- WHAT YOU SHOULD DO:
Your task is to print all of the entries exactly, though the pictures should not be included.

============

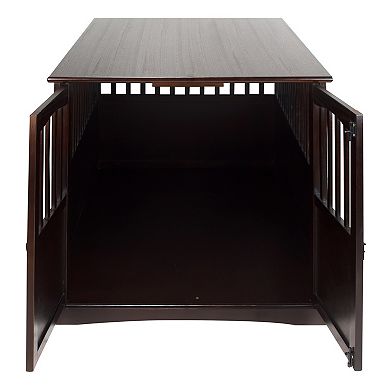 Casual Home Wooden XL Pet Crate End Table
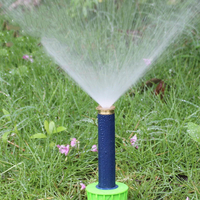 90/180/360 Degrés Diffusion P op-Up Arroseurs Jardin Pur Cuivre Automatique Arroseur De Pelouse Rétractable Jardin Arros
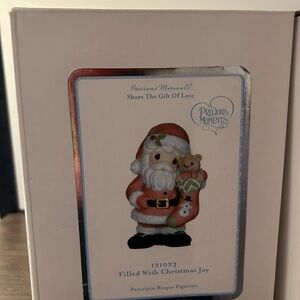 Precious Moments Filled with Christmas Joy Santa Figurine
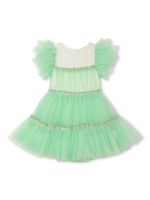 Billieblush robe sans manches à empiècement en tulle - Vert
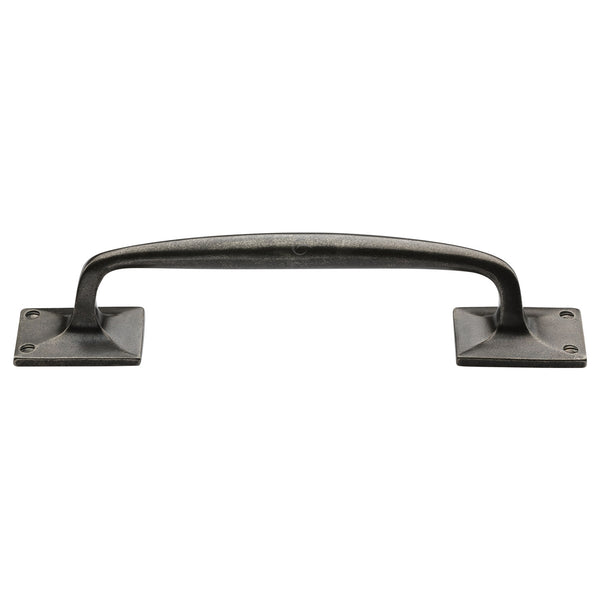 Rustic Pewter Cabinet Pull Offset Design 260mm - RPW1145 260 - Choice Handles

============

- SOLUTION:
 Casual Home Wooden XL Pet Crate End Table
 90/180/360 Degrés Diffusion P op-Up Arroseurs Jardin Pur Cuivre Automatique Arroseur De Pelouse Rétractable Jardin Arros
 Precious Moments Filled with Christmas Joy Santa Figurine
 Billieblush robe sans manches à empiècement en tulle - Vert
 Rustic Pewter Cabinet Pull Offset Design 260mm - RPW1145 260 - Choice Handles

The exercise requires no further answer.